Okay, how about some sex. Or anything Latin, which is kind of the same thing — that whole earthy pheromonic tight-dress, chiseled-dude kinda scene. Like salsa. The girls just love Adonis Puente — maybe it's that name, or the hat, or the fact that he is such a classic singer. He certainly stepped gamely into the great Freddie Crespo's local role when Freddie split town for a spell. He's got a killer band of his own — you'll recognize half the players — and will be shaking up the lunchtime crowd at California Plaza on Friday at noon. And your mother warned you all about women like Cecilia Noel. But your mother never told you she's one of the greatest entertainers you ever saw. We are talking wild, the wildest salsa-rock-jazz-Latin show you've ever seen. Her band, the Wild Clams, are all great players, too, jazzers rocking their fusion asses off. A lot of it's, um, not for the kiddies, which makes the fact that it'll be outdoors in MacArthur Park's Levitt Pavilion at 7:30 this Friday night pretty damn funny. But kids gotta learn sometime.
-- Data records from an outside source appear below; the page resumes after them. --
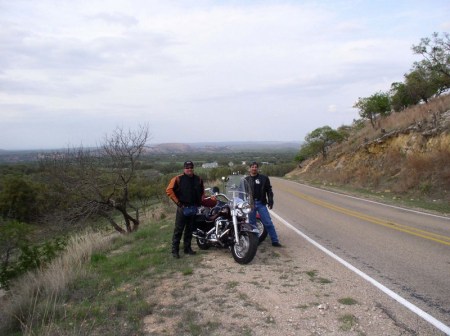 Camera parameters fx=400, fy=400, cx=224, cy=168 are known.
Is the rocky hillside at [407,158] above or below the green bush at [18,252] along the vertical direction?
above

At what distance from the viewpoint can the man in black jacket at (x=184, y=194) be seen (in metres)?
8.05

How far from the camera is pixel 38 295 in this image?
7000 mm

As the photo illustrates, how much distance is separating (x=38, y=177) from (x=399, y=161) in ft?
66.0

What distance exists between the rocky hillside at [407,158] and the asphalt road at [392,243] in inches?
190

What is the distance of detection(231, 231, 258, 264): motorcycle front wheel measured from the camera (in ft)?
24.0

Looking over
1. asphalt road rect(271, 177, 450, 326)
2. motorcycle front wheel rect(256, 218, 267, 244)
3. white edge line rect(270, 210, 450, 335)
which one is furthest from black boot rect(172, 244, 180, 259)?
asphalt road rect(271, 177, 450, 326)

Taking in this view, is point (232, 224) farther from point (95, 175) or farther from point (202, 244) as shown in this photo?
point (95, 175)

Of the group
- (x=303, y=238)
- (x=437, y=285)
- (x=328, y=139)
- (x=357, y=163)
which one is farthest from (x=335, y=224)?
(x=328, y=139)

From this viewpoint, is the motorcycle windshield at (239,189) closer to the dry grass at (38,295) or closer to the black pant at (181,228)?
the black pant at (181,228)

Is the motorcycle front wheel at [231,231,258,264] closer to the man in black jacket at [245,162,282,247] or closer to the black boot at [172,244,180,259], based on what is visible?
the black boot at [172,244,180,259]

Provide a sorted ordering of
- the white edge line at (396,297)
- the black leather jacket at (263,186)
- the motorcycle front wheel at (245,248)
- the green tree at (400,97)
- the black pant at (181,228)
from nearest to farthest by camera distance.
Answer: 1. the white edge line at (396,297)
2. the motorcycle front wheel at (245,248)
3. the black pant at (181,228)
4. the black leather jacket at (263,186)
5. the green tree at (400,97)

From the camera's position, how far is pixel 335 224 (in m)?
11.9

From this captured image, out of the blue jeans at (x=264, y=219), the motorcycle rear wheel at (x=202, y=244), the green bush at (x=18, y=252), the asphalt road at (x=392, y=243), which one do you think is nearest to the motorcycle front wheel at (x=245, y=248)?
the motorcycle rear wheel at (x=202, y=244)

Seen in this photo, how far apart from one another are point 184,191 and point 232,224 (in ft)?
3.86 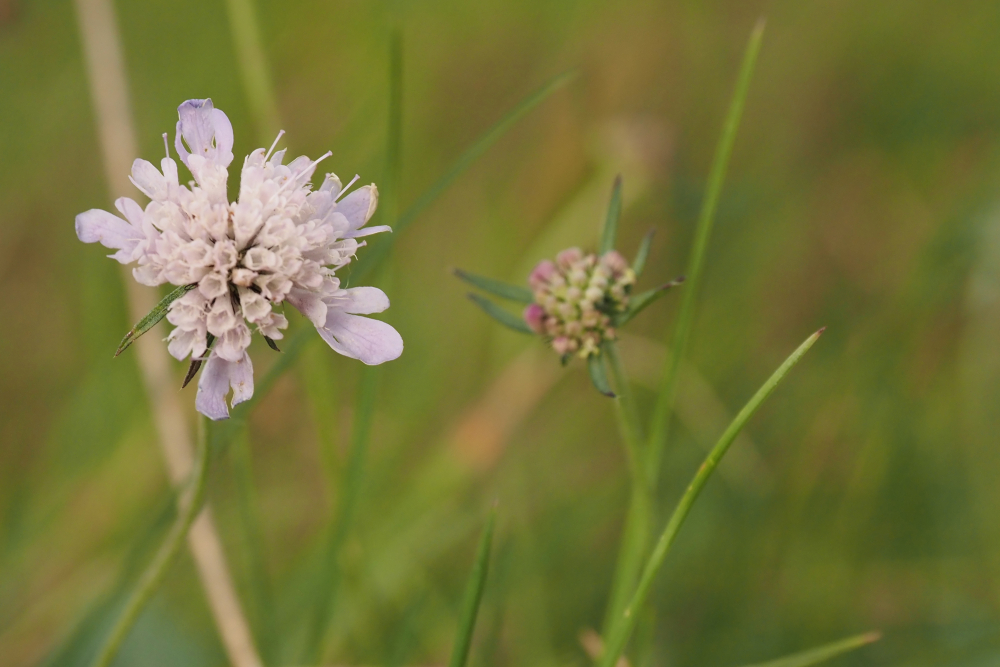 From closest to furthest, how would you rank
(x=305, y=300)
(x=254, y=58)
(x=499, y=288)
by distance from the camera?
1. (x=305, y=300)
2. (x=499, y=288)
3. (x=254, y=58)

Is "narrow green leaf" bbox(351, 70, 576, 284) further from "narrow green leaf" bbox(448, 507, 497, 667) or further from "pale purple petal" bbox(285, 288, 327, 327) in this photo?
"narrow green leaf" bbox(448, 507, 497, 667)

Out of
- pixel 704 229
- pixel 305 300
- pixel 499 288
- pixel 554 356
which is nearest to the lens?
pixel 305 300

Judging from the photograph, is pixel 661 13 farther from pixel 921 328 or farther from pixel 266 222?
pixel 266 222

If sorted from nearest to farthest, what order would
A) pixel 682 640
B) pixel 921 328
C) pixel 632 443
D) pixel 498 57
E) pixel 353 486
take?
pixel 632 443 < pixel 353 486 < pixel 682 640 < pixel 921 328 < pixel 498 57

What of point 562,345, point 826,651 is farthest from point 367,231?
point 826,651

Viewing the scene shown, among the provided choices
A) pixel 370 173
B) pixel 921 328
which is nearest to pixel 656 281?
pixel 921 328

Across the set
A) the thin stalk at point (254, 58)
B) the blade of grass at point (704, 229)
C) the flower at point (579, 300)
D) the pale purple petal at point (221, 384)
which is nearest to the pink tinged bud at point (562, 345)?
the flower at point (579, 300)

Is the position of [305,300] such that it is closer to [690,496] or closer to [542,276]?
[542,276]

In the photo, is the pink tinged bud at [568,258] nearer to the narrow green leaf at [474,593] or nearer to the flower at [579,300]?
the flower at [579,300] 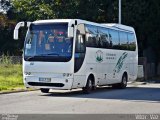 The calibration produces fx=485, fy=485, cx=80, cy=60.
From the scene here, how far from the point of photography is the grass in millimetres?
25903

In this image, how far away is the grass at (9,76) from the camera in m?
25.9

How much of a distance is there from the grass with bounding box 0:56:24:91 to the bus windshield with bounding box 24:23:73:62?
3.55 metres

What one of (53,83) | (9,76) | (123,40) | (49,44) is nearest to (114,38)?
(123,40)

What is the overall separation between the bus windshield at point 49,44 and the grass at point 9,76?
11.7 ft

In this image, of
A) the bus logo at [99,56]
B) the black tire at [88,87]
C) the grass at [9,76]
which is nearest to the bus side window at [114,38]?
the bus logo at [99,56]

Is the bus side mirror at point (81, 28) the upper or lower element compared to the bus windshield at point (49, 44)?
upper

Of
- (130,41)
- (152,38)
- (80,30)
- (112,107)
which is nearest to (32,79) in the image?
(80,30)

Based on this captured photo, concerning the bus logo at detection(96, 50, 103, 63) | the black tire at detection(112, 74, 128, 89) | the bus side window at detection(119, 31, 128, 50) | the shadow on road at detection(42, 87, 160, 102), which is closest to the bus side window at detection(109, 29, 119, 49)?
the bus side window at detection(119, 31, 128, 50)

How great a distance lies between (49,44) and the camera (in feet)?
68.7

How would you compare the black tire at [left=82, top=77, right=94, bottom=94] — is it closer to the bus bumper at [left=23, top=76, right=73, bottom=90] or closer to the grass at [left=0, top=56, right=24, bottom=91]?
the bus bumper at [left=23, top=76, right=73, bottom=90]

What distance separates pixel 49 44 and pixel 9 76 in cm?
1184

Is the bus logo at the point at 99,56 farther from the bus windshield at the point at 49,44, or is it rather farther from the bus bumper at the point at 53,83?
the bus bumper at the point at 53,83

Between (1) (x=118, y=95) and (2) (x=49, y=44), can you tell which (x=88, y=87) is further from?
(2) (x=49, y=44)

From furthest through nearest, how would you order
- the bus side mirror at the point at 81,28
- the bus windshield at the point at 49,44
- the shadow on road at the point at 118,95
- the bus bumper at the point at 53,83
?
the bus side mirror at the point at 81,28
the bus windshield at the point at 49,44
the bus bumper at the point at 53,83
the shadow on road at the point at 118,95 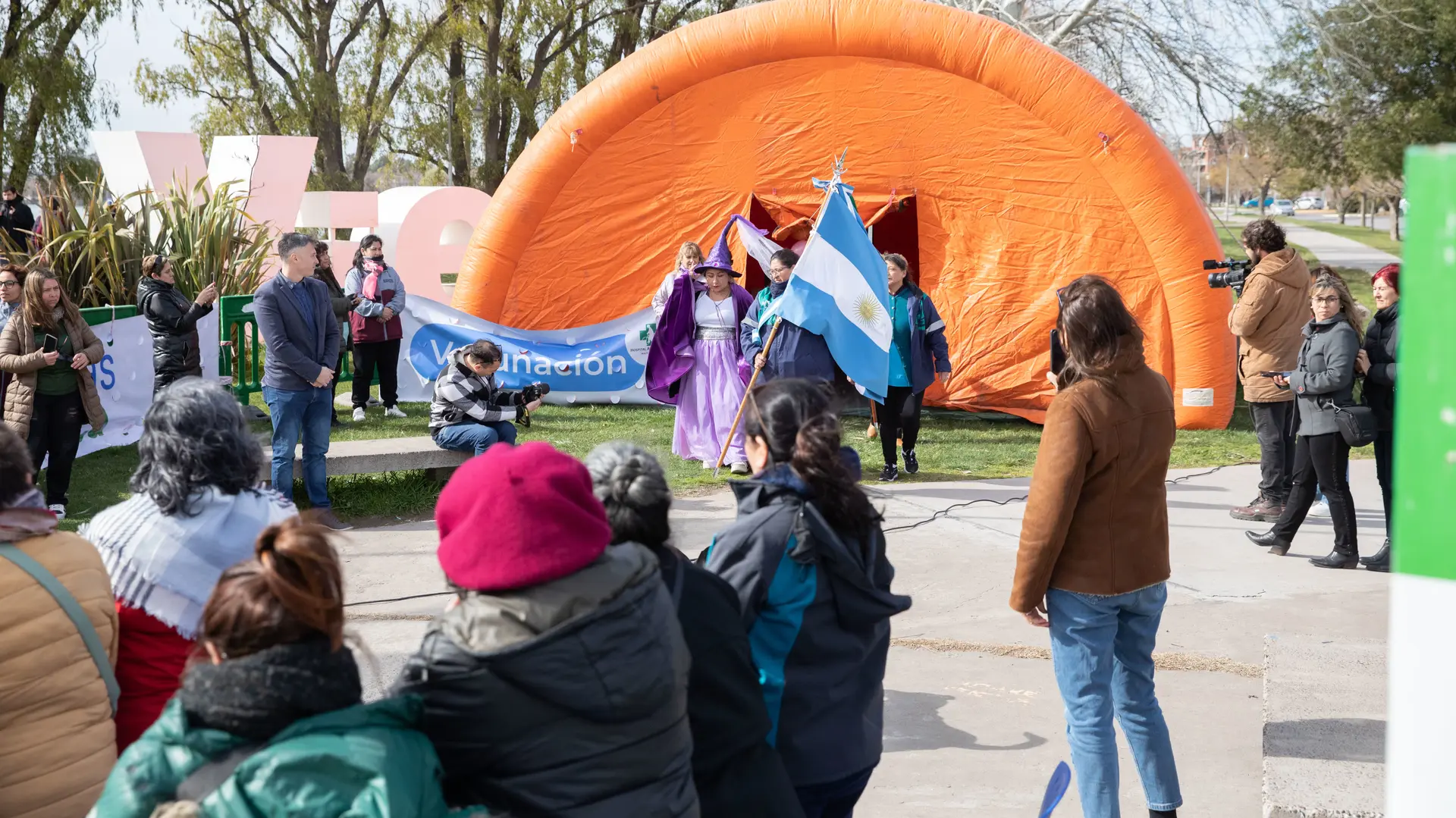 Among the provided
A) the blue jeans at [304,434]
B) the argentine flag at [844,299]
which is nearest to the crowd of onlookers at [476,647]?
the blue jeans at [304,434]

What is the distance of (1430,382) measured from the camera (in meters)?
1.62

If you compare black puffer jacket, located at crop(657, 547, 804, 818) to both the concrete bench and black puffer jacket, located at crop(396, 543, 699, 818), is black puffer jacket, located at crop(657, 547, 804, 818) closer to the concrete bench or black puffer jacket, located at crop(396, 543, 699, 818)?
black puffer jacket, located at crop(396, 543, 699, 818)

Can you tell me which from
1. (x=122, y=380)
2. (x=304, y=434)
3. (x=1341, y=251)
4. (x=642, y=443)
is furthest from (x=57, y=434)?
(x=1341, y=251)

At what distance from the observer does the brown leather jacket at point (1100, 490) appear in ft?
11.7

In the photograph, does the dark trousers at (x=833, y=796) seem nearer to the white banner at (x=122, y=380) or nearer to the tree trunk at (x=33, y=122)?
the white banner at (x=122, y=380)

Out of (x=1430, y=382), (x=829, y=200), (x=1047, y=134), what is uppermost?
(x=1047, y=134)

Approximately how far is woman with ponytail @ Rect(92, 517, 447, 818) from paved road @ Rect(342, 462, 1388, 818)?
1318 mm

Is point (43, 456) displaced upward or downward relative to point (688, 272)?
downward

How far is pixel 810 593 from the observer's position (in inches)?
112

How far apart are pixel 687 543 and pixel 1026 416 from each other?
516cm

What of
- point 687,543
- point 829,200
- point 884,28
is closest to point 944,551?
point 687,543

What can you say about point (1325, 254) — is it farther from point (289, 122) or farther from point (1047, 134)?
point (1047, 134)

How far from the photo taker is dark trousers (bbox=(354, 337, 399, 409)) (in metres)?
11.5

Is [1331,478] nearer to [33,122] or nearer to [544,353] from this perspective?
[544,353] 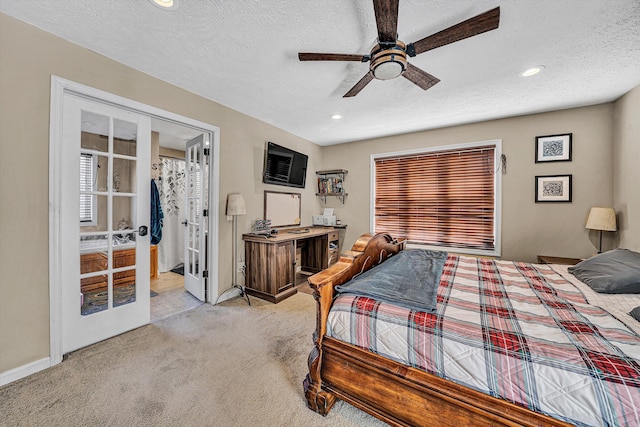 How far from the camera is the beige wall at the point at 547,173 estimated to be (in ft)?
9.52

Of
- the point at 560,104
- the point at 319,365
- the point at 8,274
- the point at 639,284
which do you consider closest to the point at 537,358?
the point at 319,365

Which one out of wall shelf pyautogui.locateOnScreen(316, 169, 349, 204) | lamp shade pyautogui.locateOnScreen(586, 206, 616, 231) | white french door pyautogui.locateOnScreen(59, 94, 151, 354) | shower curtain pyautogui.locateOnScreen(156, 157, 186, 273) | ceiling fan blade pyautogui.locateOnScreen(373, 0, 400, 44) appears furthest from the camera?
wall shelf pyautogui.locateOnScreen(316, 169, 349, 204)

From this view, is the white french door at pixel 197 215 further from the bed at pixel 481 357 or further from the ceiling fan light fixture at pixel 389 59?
the ceiling fan light fixture at pixel 389 59

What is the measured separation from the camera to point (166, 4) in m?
1.53

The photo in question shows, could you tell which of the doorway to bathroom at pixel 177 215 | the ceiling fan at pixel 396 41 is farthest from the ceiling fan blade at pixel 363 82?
the doorway to bathroom at pixel 177 215

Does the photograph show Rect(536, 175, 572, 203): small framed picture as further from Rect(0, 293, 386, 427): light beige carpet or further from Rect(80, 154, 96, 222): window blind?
Rect(80, 154, 96, 222): window blind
There was a time when young drummers fell madly in love with Sheila E. whenever she bounced her sticks across those rack toms. Now, of course, we just feel a pang. But she still wails, and looks great wailing, when she's anchoring her dad Pete Escovedo's Orchestra. Pete too mixes the rock and fusion with the Latin thing (always has — remember his brother Coke's band, Azteca?), and they're at Hollywood & Highland on Tuesday. And Freddie Crespo is at the Autry on Thursday, with Conjunto Costazul (alongside his brother Johnny Crespo). You really do have to hear this master salsero sing.

BONUS TRACKS
Two great male jazz vocalists have gigs this weekend: Mon David at the Radisson Culver City on Friday and Dwight Trible at the Blue Whale on Saturday. They sound nothing alike, but both are utterly original, and both put on outstanding shows. As does tenor saxophonist Don Menza, a big, tough Buffalo tenor with a big, tough Pittsburgh bassist, John Heard, fronting the house trio behind him. One of our favorite local pianists, Bill Cunliffe has his Latin jazz Imaginacion at LACMA on Saturday at 5:30 and then rushes over to Vitello's for a couple sets that night with flutist Holly Hoffman. Fine stuff. And Thursday (if you're not gamboling through the roses in Flintridge) we heartily recommend drummer Matt Slocum, who'll be at the South Pasadena Music Center with Cunliffe and bassist Darek Oles, an almost absurdly talented trio. Slocum is a wonderful player, imaginative and way smart. You will dig it. And of course you'll dig guitarist Kenny Burrell and quintet at Catalina's on Thursday. He's an icon.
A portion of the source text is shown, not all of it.